In acknowledging that, I am of the view that the motion we pass should contain a clear commitment to establishing a truth commission that would go beyond the commission of investigation in its work. I welcome that several of the amendments contain such a commitment but there must also be minimum standards for such a commission. In particular, the survivors and those participating must have access to their own documentation. It is a cause of great frustration, anger and dismay that persons who have given testimony at the commission of investigation have not been allowed to access that testimony. It is also the case that many are frustrated that they are prevented from giving testimony in a manner which suits them. We need to offer people the option to give testimony or to participate in a truth commission in a manner that suits them, whether that is in public or in private, such as they desire. The survivors must be given discretion in that regard.

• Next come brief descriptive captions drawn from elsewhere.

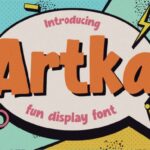 Artka Font - Featured Image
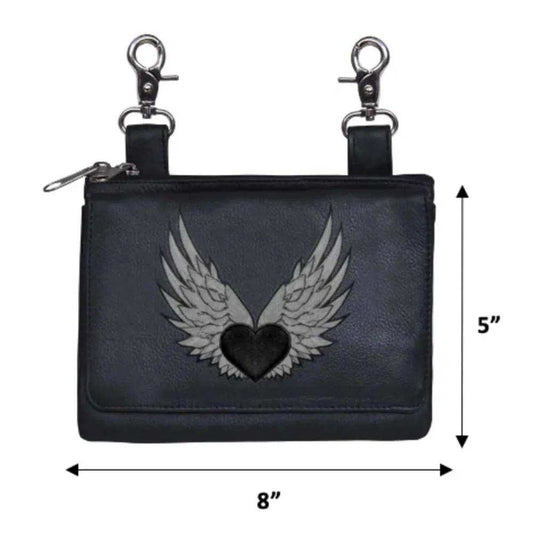 5753.00 - Ladies Clip on Bag - Unik Just for Bikers - Flyclothing LLC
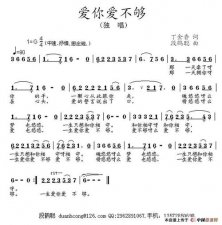 ​爱你爱不够是什么歌（歌词展示）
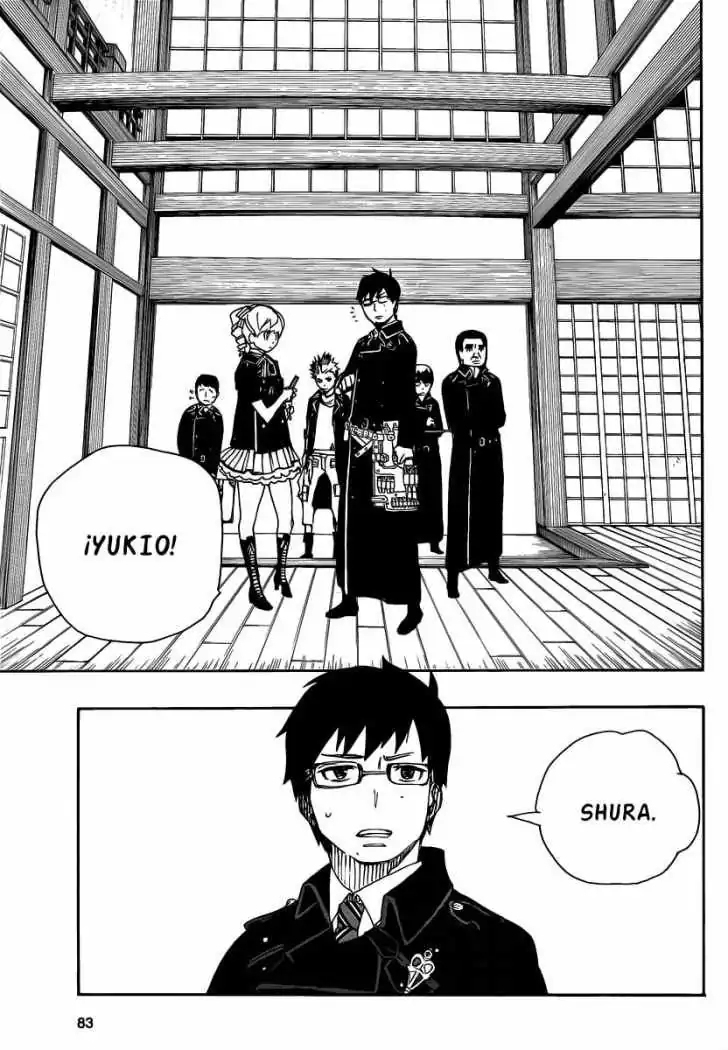 Página 26 — Capítulo 22 de Ao no Exorcist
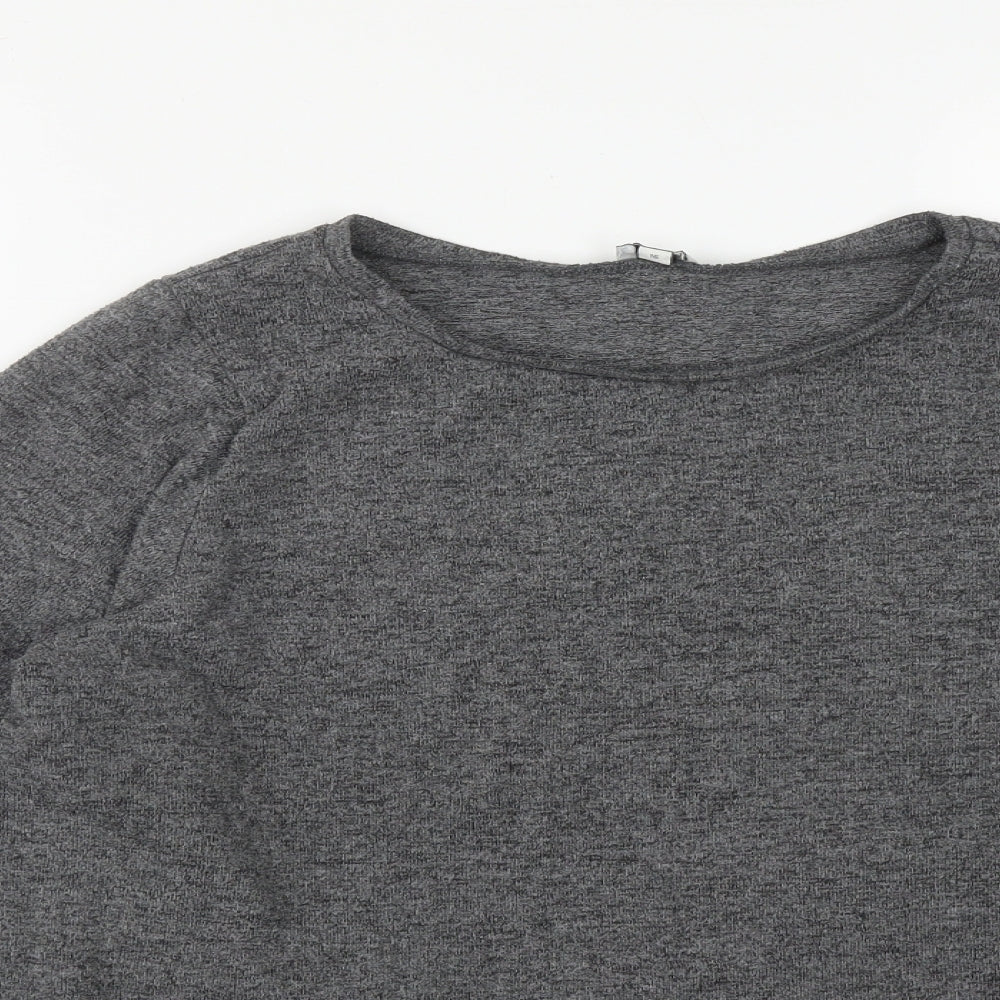 Womens UK Size 16 River Island Grey Pullover Jumper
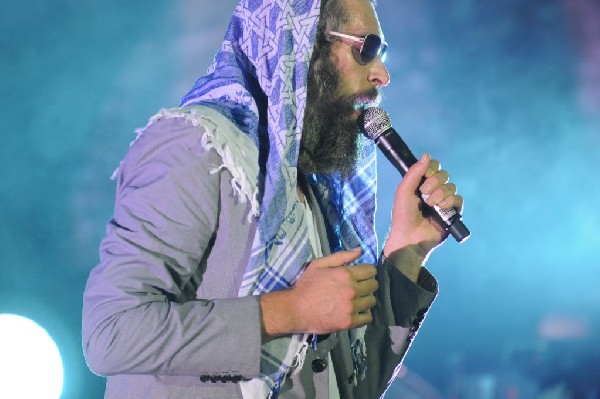 Matisyahu at Stubb's BarBQ, Austin, Texas 08/18/10 - photo by Jeff Barringe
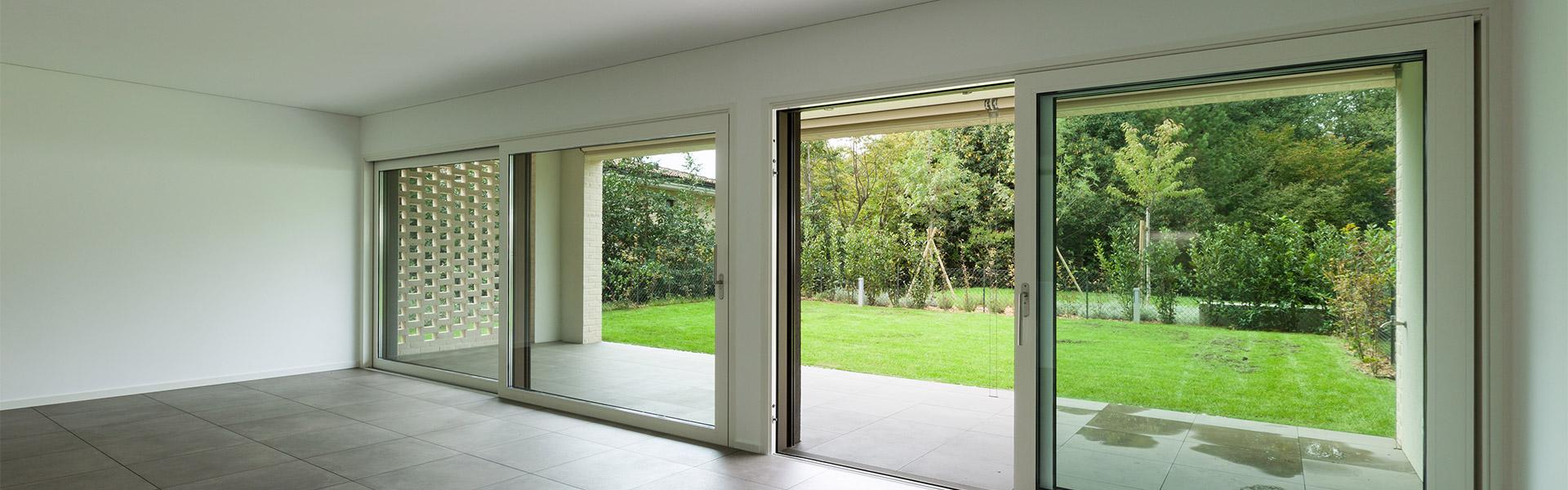 Interior of new apartment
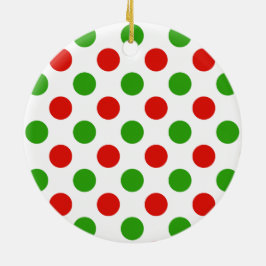 Ornamento de cerámica grande del modelo de lunar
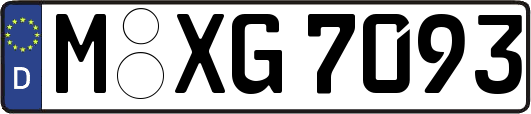 M-XG7093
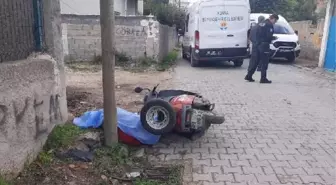 Ceyhan'da Motosiklet Kazası Sonucu Ölü Bulundu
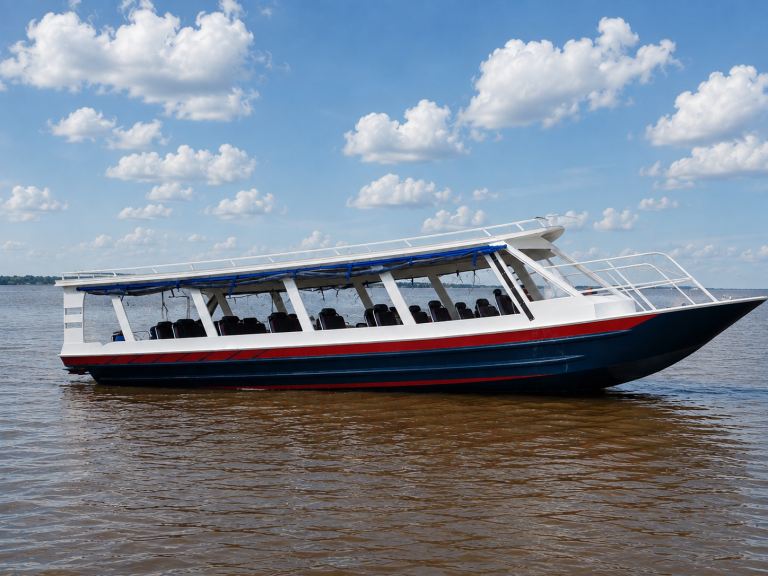fabrica de barcos de alumínio em manaus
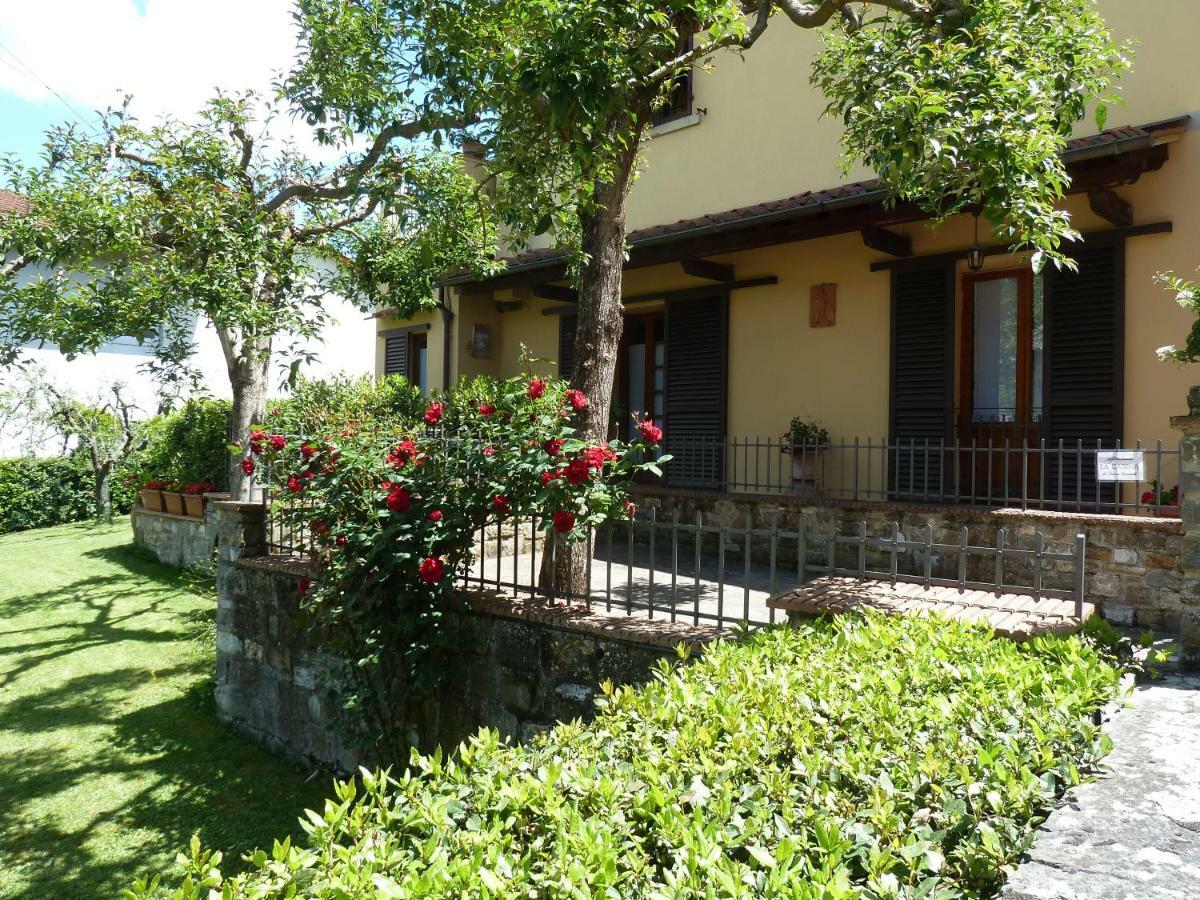 La Casina Appartamento Nel Cuore Di Greve In Chianti Kültér fotó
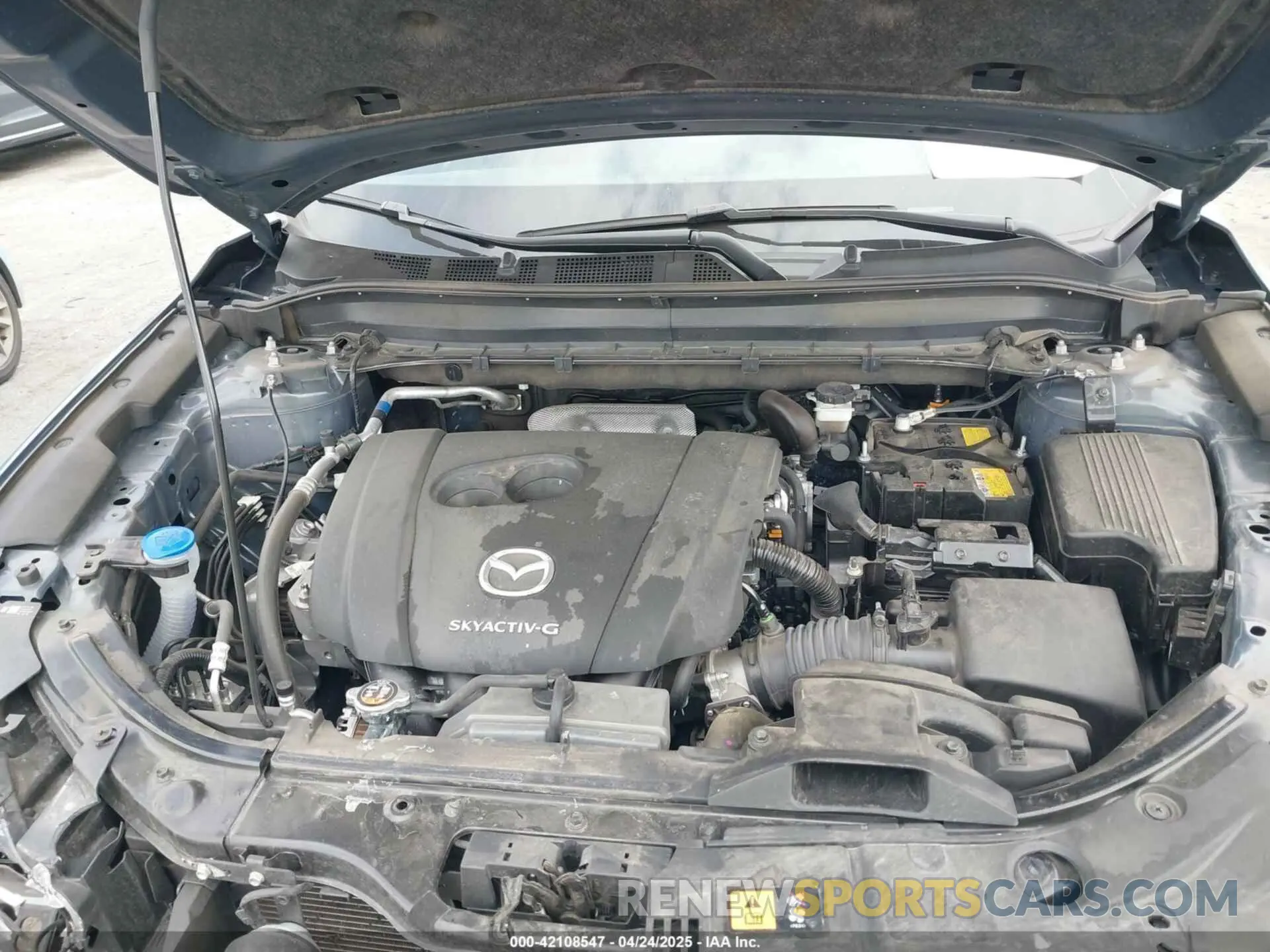 10 Photograph of a damaged car JM3KFBCL6R0482860 MAZDA CX-5 2024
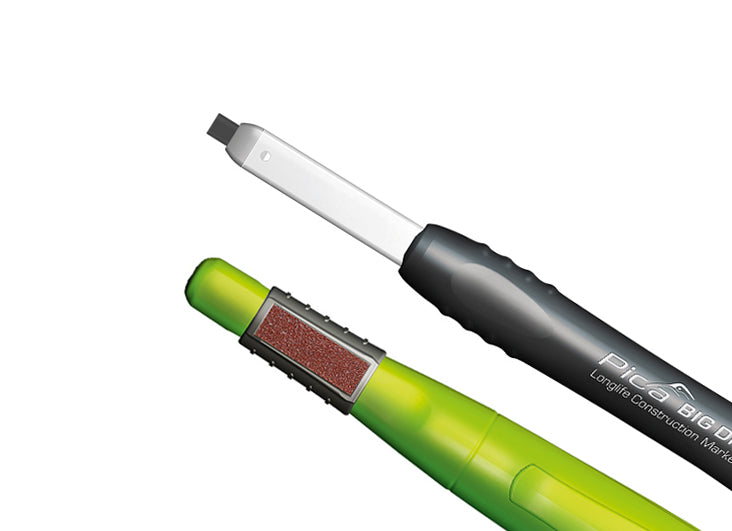 Pica 12Pce Big Dry 2H Carpenter Refill Leads 6050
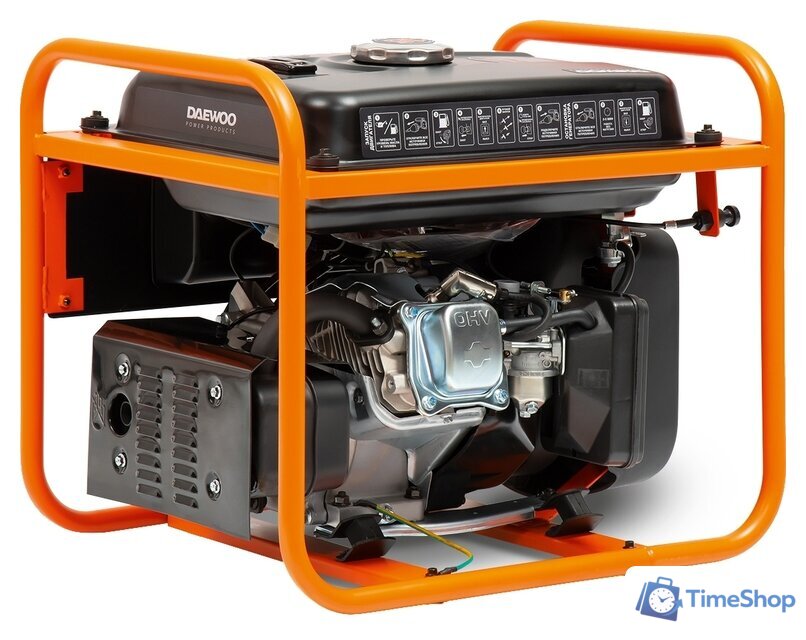 Бензиновый генератор Daewoo Power GDA 3800i - Изображение №3 — Интернет-магазин Time-Shop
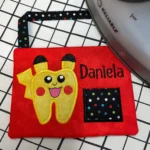 Pika Tooth Fairy Pillow by Tooth Fairy Tess- Personalized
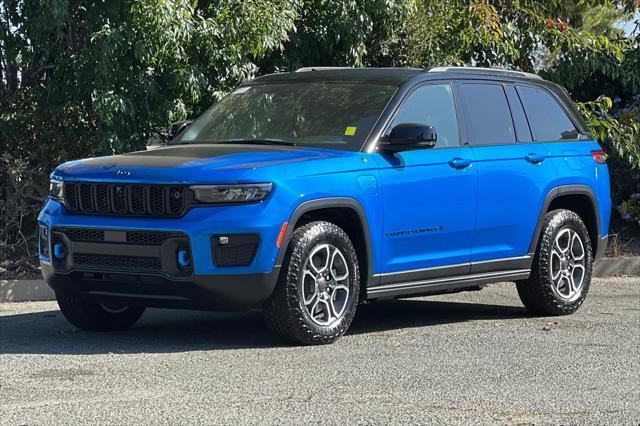 new 2023 Jeep Grand Cherokee 4xe car, priced at $58,140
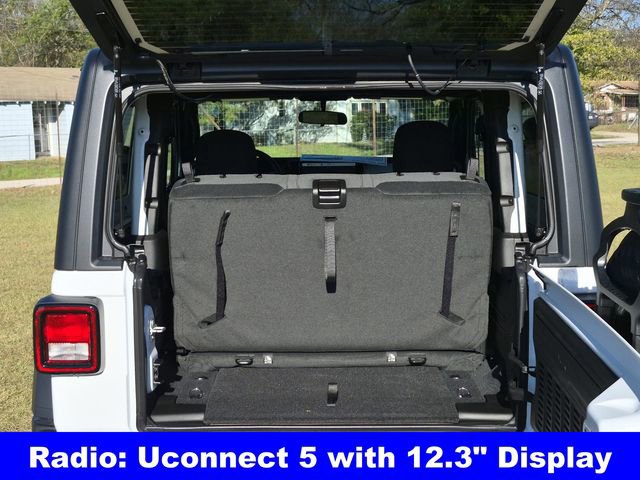 New 2026 Jeep Wrangler Sport image 8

The other significant aspect of this motion, which has, to a large extent, been neglected in the debate, relates to the need to ensure that an injunction should be sought in respect of those sites on which there are potential unmarked graves or graves of which we are not aware. There should be a commitment from Government to prevent any interference with those sites. Government intervention is required to prevent any possible development of or interference with those sites that would infringe upon the possibility of examination and investigation in order to establish whether there are unmarked graves. There is a desire to find out more about a number of sites - Donnybrook, Bessborough and elsewhere - and the only motion that will contain a commitment in this regard is that which was originally tabled by my party. I call on those other parties that have tabled amendments to reconsider them because there needs to be a firm commitment from the State that it will not allow the truth relating to the locations and settings to which I refer to be interfered with or, potentially, destroyed or obscured. That is a very important point.

All contributions emphasised the need to listen to survivors. I agree with and wholeheartedly welcome all those contributions and that recognition. It is for this reason that my party proposed in its motion that an advisory committee made up of survivors should be established in order to guide the truth commission at every stage and that it be developed in consultation with survivors every step of the way.

I emphasise that many of the survivors are quite frustrated at this stage. It is worth noting that the truth commission and the commission of investigation, such as they have or may be delivered, are the fruit of many years of campaigning and work on the part of those survivors. There were times, I am sure, when it felt that nobody was listening but, through their own strength, resilience and determination, they achieved the establishment of a commission of investigation. I hope they can achieve much more. However, very many of them are quite frustrated with the commission of investigation as it stands. We will be letting them down and not recognising their frustration if we fail to commit not only to having the commission of investigation conclude its work but also to going far beyond that with a process which engages with them in a way that they can have full confidence in and which ensures that all survivors who had any dealings with any of the institutions involved will be included. We must also ensure that they have full access to their own documentation and testimony. They must be in a position to have full confidence and faith in the process.

Amendment put.

In accordance with Standing Order 70(2), the division is postponed until the weekly division time on Thursday, 23 March 2017.

The Dáil adjourned at 10.35 p.m. until 10 a.m. on Wednesday, 22 March 2016.